Turn on a TV, browse a website or pick up a newspaper and one word will leap at you: WTO (World Trade Organization).

It has dominated media reports since December 11 when China secured accession after years of preparation.

And the half-yearly report makes good reading. China has no reason to be dissatisfied with its performance in carrying out its commitments to the WTO.

The government has issued more than six laws and regulations on imports since January, and about seven on the access of foreign capital covering such fields as law, telecommunications, finance, insurance, international marine transport and travel service.

It has amended three laws on foreign direct investment and three more concerning trademark, copyright and drug management are under way. These will make the protection of intellectual property rights fully in line with the requirements of TRIPS in legislation.

The average tariff rate of more than 5,000 kinds of products has dropped to 12 percent from 15.3 percent. Of this, industrial products have seen a decrease of 3.4 percent from 14.7 percent to 11.3 percent and agricultural products (aquatic not included) 15.8 percent from 18.8 percent.

More than 200 kinds of products requiring licenses and subject to quotas have had these restrictions removed.

"Foreign trade and economic status is better than anticipated.'' said Shi Guangsheng, minister of the Ministry of Foreign Trade and Economic Co-operation.

Between January and May, the domestic economy increased by 7 percent, imports were up 13.2 percent and the effective utilization of foreign capital rose by 12.4 percent, Shi said.

"Generally speaking, entry to the WTO provides the impetus for our economic growth and in the whole of this year, our foreign trade and economy will continue to grow steadily which will probably be matched by a simultaneous rise in GDP (gross domestic product),'' he said.

And customs statistics have alleviated the worry of a sudden surge in imports since the country slashed its tariffs and lifted some non-tariff barriers.

Between January and July, imports and exports totaled US$32.68 million in value, a year-on-year increase of 14.8 percent.

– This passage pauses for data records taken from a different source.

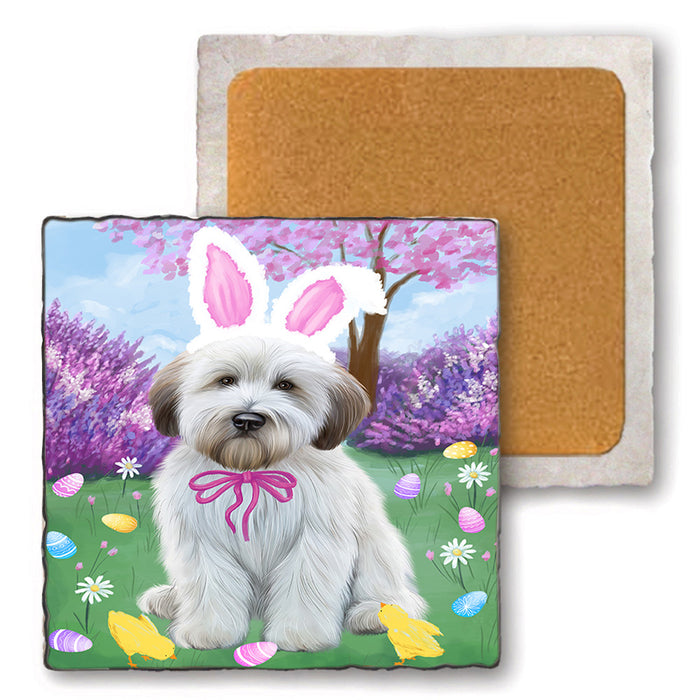 Easter Holiday Wheaten Terrier Dog Set of 4 Natural Stone Marble Tile Coasters MCST51955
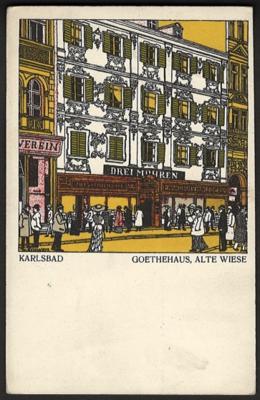 Poststück - Wiener Werkstätte - Karte Nr. 259: Karl Schwetz - Karlsbad Goethehaus Alte Wiese, - Známky a pohlednice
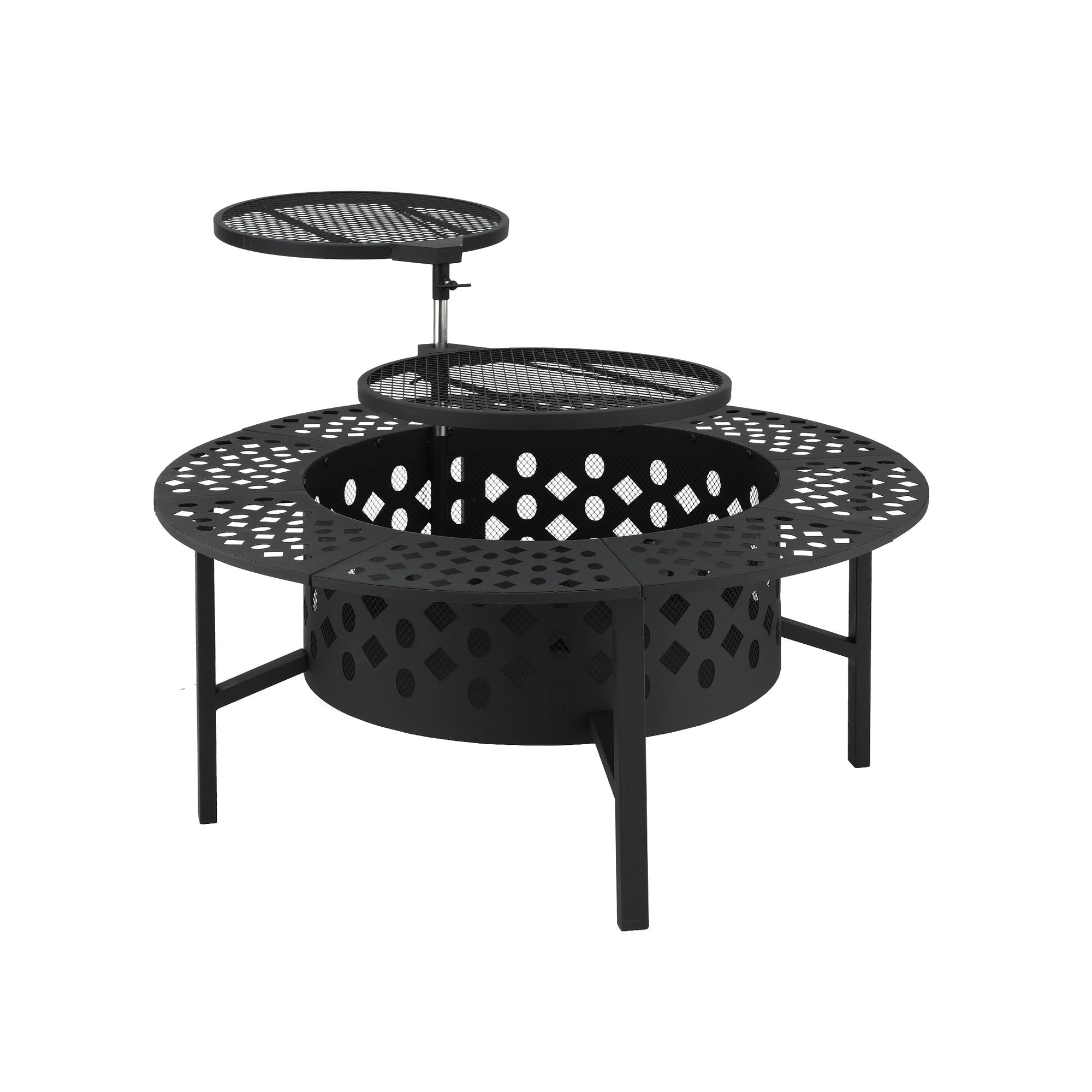 Grillz 3 - in - 1 Portable Fire Pit BBQ Charcoal Smoker with Mesh Pits - Black - Home & Garden > Firepits > Fire Pits - Rivercity House & Home Co. (ABN 18 642 972 209) - Affordable Modern Furniture Australia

The exports volume reached US$17.12 million, an increase of 16.2 percent which was lower than anticipated, and that of imports grew by up to US$15.56 million, up 13.2 percent.

A favorable balance of US$1.56 million was achieved which registered an increase of 58.2 percent.

Experts predict that sharp changes in imports would not occur, but some products such as autos and chemical fertilizer would see a relatively rapid growth due to the lifting of restrictions.

Exports of corn and cotton were down and imports would pass exports by a great margin because of the cancellation of export subsidies. Domestic prices would also slump as a result.

Agriculture has always been the country's mainstay industry.

In the first half of this year, by employing "Green Box Policies,'' the Chinese Government has invested more money into agricultural technologies and infrastructure to promote the development of farming.

It is perfecting the quality criteria of agricultural products as well as the supervision mechanism and seeking to build a highly efficient anti-dumping system.

However, some experts said the government needs to do more to strengthen communication between its departments in order to turn in a more efficient performance.

How to take maximum advantage of the agreements on safeguards is another striking problem.

"For China, it is urgent to build a mechanism and develop capacity to solve any kind of anti-dumping case.'' said professor Huang Jikun, director of the Center for Chinese Agricultural Policy at the Chinese Academy of Sciences.

"Our government needs to invest more in agriculture through the `Green Box Policies' as well."

More support and investment could improve agricultural productivity and the quality of agricultural products, thus enhancing the country's capacity to deal with TBT (Technical Barrier to Trade) and SPS (Sanitary and Phytosanitary) which requires substantial investments in standards-and capacity-oriented institutions, he said.